Both the Iliad and the Odyssey originated in the oral tradition, in which a poet or singer, accompanying himself on the lyre or harp, sings traditional tales of heroes. While the essential plot elements of a traditional story cannot be altered, a gifted poet can shape the material in complicated and interesting ways. For example, in the Iliad, Homer centers his tale around the consequences of the quarrel between Agamemnon and Achilles. The poet chooses not to tell other well-known episodes of the war at Troy (for example, how the war started and how it ended) because he wishes to concentrate on the issues of death, anger, and honor raised by the quarrel. In fact, the Iliad and the Odyssey exhibit such complexity and ingenuity of structure and theme that I believe they were both put together out of traditional materials by a single poet.

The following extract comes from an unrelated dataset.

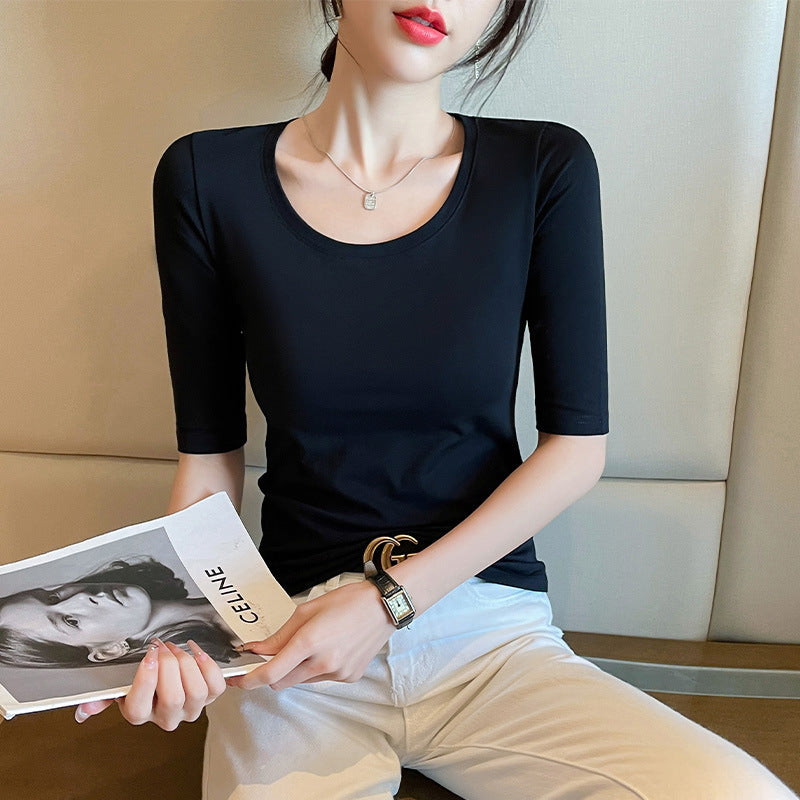Black Crew Neck Medium Sleeve T-Shirt Women's 2025 Spring and Summer New Versatile Five-Sleeve Top Fashion Inner Bottom Shirt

Rather than memorizing the whole song, the oral poet composes it as he sings, stitching the poem together from a vast repertoire of memorized phrases (called formulas) which fit the meter (called dactylic hexameter) of the song. The Greek verb for such a singing-performance is rhapsoideo, "I rhapsodize, stitch song together." Thus, the oral poet needs to remember two things: 1) the essential story, and 2) many formulas (examples: "strong-greaved Achaeans" or "long-haired Achaeans"). Originally for this kind of poetry, "Singing, performing, composing are all facets of the same act" (Lord 13). (Bernard Knox gives some more examples of formulas and discusses scenarios for how oral poetry gets written down on pp. 15-22 of the introduction to the Iliad.) As he sings, the poet is guided by his years of practice and by his knowledge of the story. A story-line, heroic type-figures, the song, the meter, and the formulas all help to keep the material memorable.

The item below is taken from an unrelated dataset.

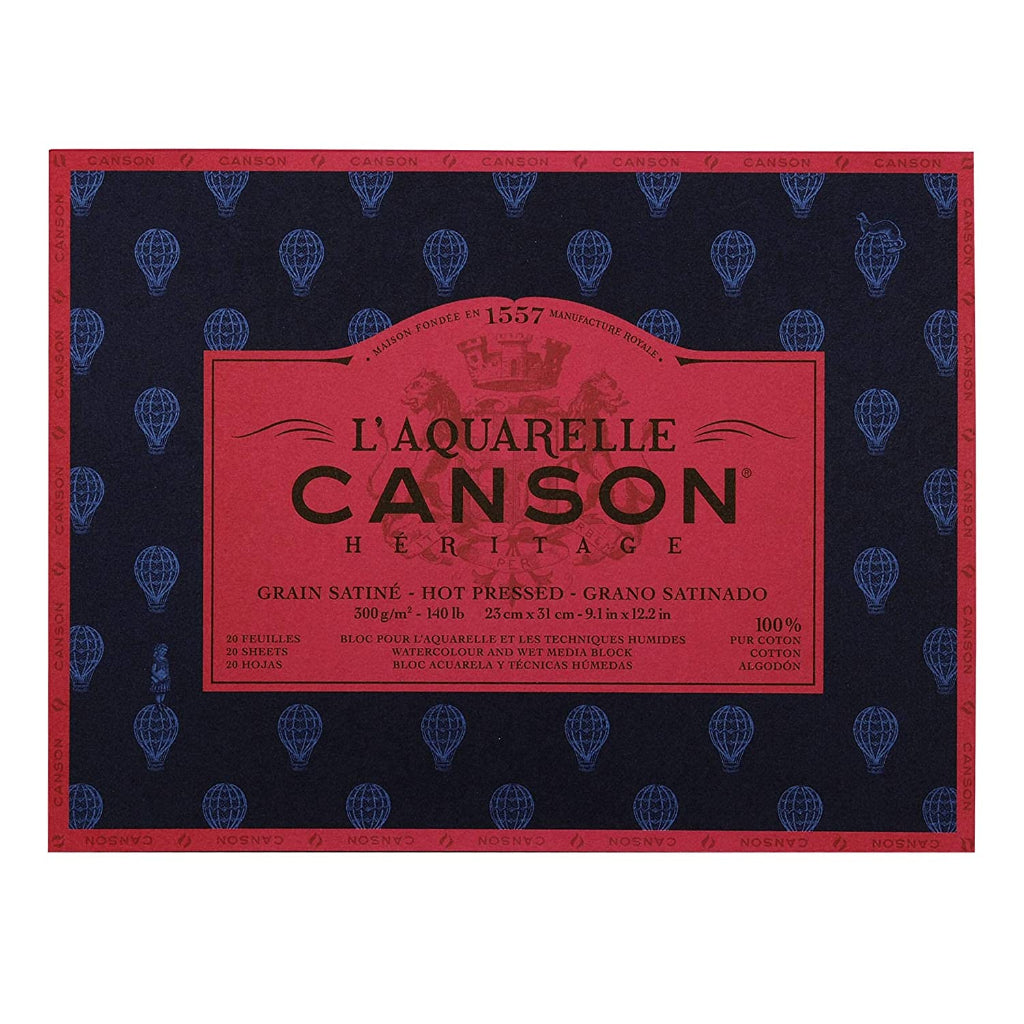 Canson Hritage Cotton 300 Gsm Hot Pressed 23 X 31 Cm Paper Block(White- 20 Sheets)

Because these poems were composed orally, they exhibit unique characteristics. You should be alert to these features as you read. With so many formulas, some parts of the poem will repeat. For an oral poet, however, such repetition is not a fault, but a vital technique (Lord 3–67). Repetition is a psychological necessity in oral discourse, which vanishes as soon as it is uttered: "the mind must move ahead more slowly, keeping close to the focus of attention much of what has already been dealt with. Redundancy . . . keeps both speaker and hearer surely on the track" (Ong 39-40). Sometimes a whole series of lines will repeat, not because the poet is bored or uninventive, but because oral poets often describe similar situations in the same formulaic manner. Also, the poet could cruise through these repetitive passages while thinking of what was coming up next in the poem.

Repetition is not only a psychological necessity, it also keeps the meter and the memory flowing smoothly. For example, formulas will often repeat for metrical reasons: "Odysseus is polymetis (clever) not just because he is this kind of character but also because without the epithet polymetis he could not be readily worked into the meter" (Ong 58-59). The word polymetis (also translated as "versatile" or "resourceful") is a special kind of formula called an epithet, an adjective or adjectival phrase which describes, in appropriate metrical form, characteristics of gods or heroes. Examples: "versatile Odysseus" or "Zeus the cloud gatherer." Often, an epithet will substitute for a character's name, as when, for example, Agamemnon is called "son of Atreus" or "Atrides." (The Greek suffix "-ides" means "son of.") The translator of our edition of the Iliad, Stanley Lombardo, tries to a) limit the number of epithets, and b) vary their wording, so you may not notice these epithets in his translation as much as you might in others.

Since an oral society possessed no written archives, lists, or books and had no libraries, computers, or videotape on which to store information, important cultural or historical knowledge was encoded into the more easily remembered form of a story. The Iliad contains a long catalogue or list of men and ships (115-127). Notice how this catalogue is narrated as a series of actions, which are more memorable than a mere list would be. And since the oral poem was the repository of the entire cultural memory of a people, it also contains digressions, or breaks in the main story-line which describe the history of various props (such as a scepter or a weapon) or which relate the ancestry of a warrior in what might seem to us to be over-elaborate detail. However, these details were prized by the original audience, some of whom might trace their ancestry back to characters in the story. Digressions also gave the audience the sense of a full and living cultural background to the story.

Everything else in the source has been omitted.